Shadow IT escapes the IT department who can therefore not take it into account in its application mapping or in the optimization of business processes. Applications appear incoherently,

Additional Costs

Shadow IT causes the appearance of duplicate applications in the company:

  • The same application may have been subscribed to several times by different teams. The costs will very often be higher than a single instance deployed for several entities.

  • For the same need, two different but functionally comparable applications are subscribed to. This can be the case for project tracking applications like Trello and Monday, for example.

How to Manage Shadow IT?

Managing Shadow IT is a challenge for IT departments as a too strict approach could harm productivity, while a lax approach could increase associated risks. Below are suggested strategies:

  1. Knowledge and Understanding: It's crucial to identify the extent of Shadow IT within the company.
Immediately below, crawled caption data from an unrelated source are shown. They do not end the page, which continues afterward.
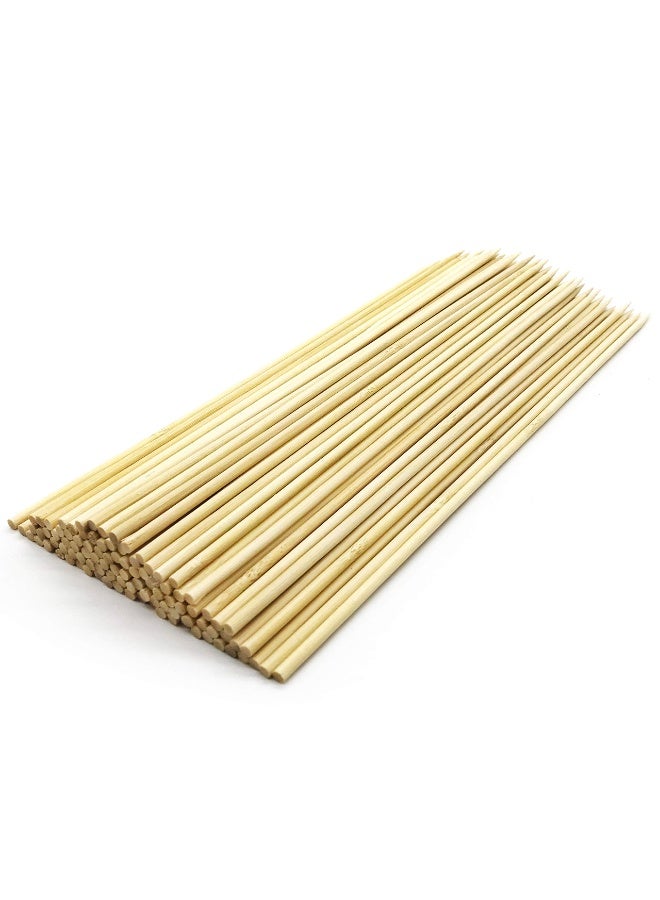 Bamboo Skewers 12Inch | (More Sizes: 6”/10”/12”) | Thick Sturdy Φ=0.16inch (4mm)-100pcs | Natural Bamboo Sticks | Wooden Skewers - Image 4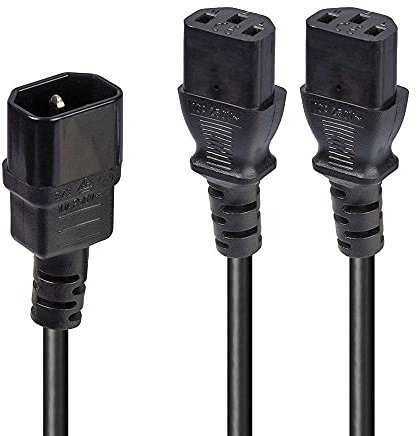 2m IEC Splitter Cable IEC C14 to 2 x IEC C13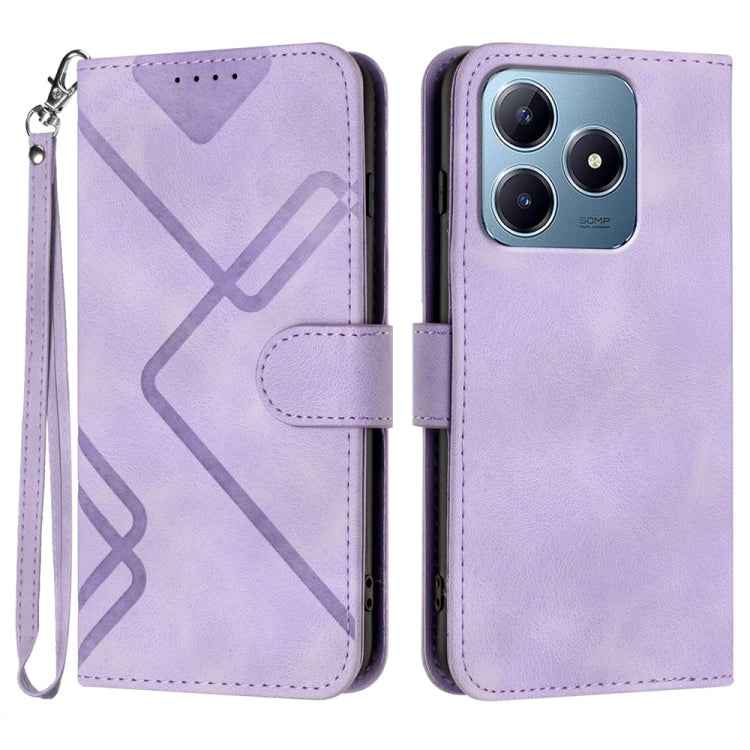 Line Pattern Skin Feel Leather Phone Case, For Realme GT 6 / GT 6T, For Realme C63 / C61 Global, For Realme 12 Lite / C67 4G Global, For Realme GT5 Pro, For Realme 10 Pro, For Realme 10 Pro+, For Realme 10 4G, For Realme V23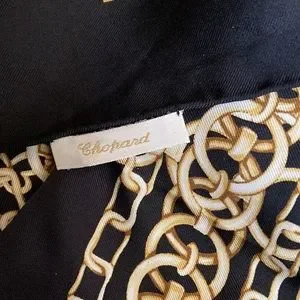 Chopard | Accessories | Chopard Black And Gold Chain Pattern Scarf ...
Application mapping solutions like Kabeen are useful for this.

    • Shadow IT Detection: Shadow IT detection tools help IT teams to track and analyze employed systems and services, allowing them to create policies to authorize, restrict, or block certain tools.

    • Using a Cloud Access Security Broker (CASB): A CASB ensures the security of applications and services in the cloud using various security technologies. It often takes the form of a proxy within the company.

  2. Education and Communication: Once Shadow IT risks are identified, they need to be clearly explained to all employees. Trainings on good IT practices could be useful.

    • Enhance Employee Training in Risk Management: Employees may not be aware of Shadow IT risks. Training on best practices can help alleviate this problem.

  3. Offer Secure Alternatives: Often, employees resort to Shadow IT because the official tools don't meet their needs. By offering ergonomically-designed and secure alternatives, the IT department can mitigate this phenomenon.

    • Communicate with Employees about Their Tool Needs: Creating an open and blame-free discussion environment can help identify specific employee tool needs and promote a safer work environment.


To summarise, Shadow IT, although it can increase individual productivity, presents risks that are essential to anticipate. A balanced solution must involve a clear IT policy, good communication, and the implementation of secure and ergonomic tools that meet the needs of employees.

Ultimately, Shadow IT constitutes both a challenge and an opportunity for businesses.

It's crucial to understand that its usage is not merely a refusal to comply with internal policies, but a sign that the existing technological tools may not meet the users' needs.

Instead of outright forbidding it, it would be beneficial to channel this initiative by offering secure alternatives that comply with the company's requirements while meeting user expectations.

This demands constant user awareness, robust IT governance, and a proactive effort to identify and control Shadow IT within the organization.